2. Den auf rein objektive Kriterien bei der Teilbarkeit, konsequenterweise auch bei der Wertermittlung und den Wertrelationen zielenden Erwägungen des Klägers ist zu entgegnen, dass auch § 38 Abs 6 OÖ ROG 1994 nicht umhin kommt, einen Bezug zu dem in concreto geschlossenen Vertrag herzustellen: Der „vereinbarte Kaufpreis“ darf nicht die Hälfte desjenigen Kaufpreises erreichen, der angemessen gewesen wäre, wenn die Bebauung des Grundstücks schon zum Zeitpunkt der Veräußerung möglich gewesen wäre. Ein „vereinbarter Kaufpreis“ kann nicht isoliert vom Vertragsgegenstand betrachtet werden. Auch der Verfassungsgerichtshof hat in der vom Kläger zitierten Entscheidung B 97/91, B 284/91‑303/91 (= VfSlg 13.006) zu einer ‑ nicht dem § 38 Abs 6 OÖ ROG entsprechenden ‑ Norm des früheren OÖ ROG 1972 eingeräumt, dass unter dem auch dort verwendeten Begriff „Grundstück“ nicht unbedingt nur ein einzelnes Grundstück verstanden werden kann, sondern gegebenenfalls auch mehrere Grundstücke, die miteinander eine „Einheit“ bilden.

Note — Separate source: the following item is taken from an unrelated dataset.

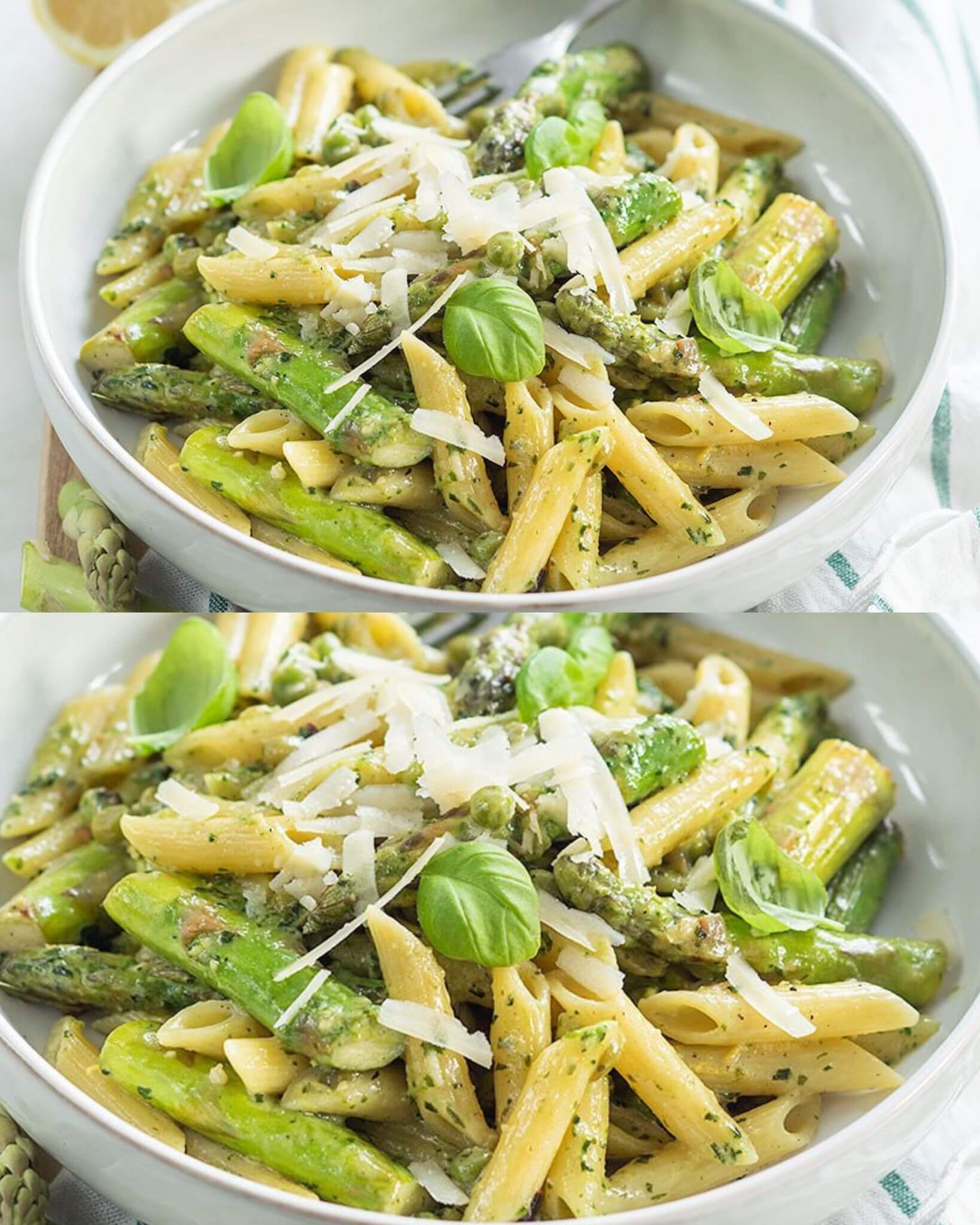 Spring Pasta: A Delicious Green Pasta With Asparagus And Peas – Made By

3. Der Oberste Gerichtshof teilt die ausführlich begründete Ansicht des Berufungsgerichts, dass bei den in § 38 Abs 6 OÖ ROG 1994 angesprochenen Wertrelationen auch die Vorstellungen der Vertragsparteien (etwa über die Teilbarkeit von mehreren den Vertragsgegenstand bildenden Grundstücken) maßgeblich sind. Auch zu der vom Kläger für seinen Standpunkt ins Treffen geführten Bestimmung des § 21 Abs 4 IO vertritt die Rechtsprechung die Ansicht, dass betreffend die Teilbarkeit auf die Regelung im bürgerlichen Recht zurückzugreifen ist, die unter dem besonderen Blickwinkel des Insolvenzrechts auszulegen ist (RIS‑Justiz RS0044162). Die Teilbarkeit einer Leistung beurteilt sich dabei primär nach dem ausdrücklich oder stillscheigend erklärten Willen der Vertragsparteien, erst subsidiär entscheidet die Verkehrsauffassung (Widhalm-Budak in Konecny/Schubert, KO § 21 Rz 258 mwN).

Auch die Ausführungen des Berufungsgerichts zur Beweislastverteilung treffen zu.

4. Mangels erheblicher Rechtsfrage (§ 502 Abs 1 ZPO) ist die außerordentliche Revision des Klägers zurückzuweisen.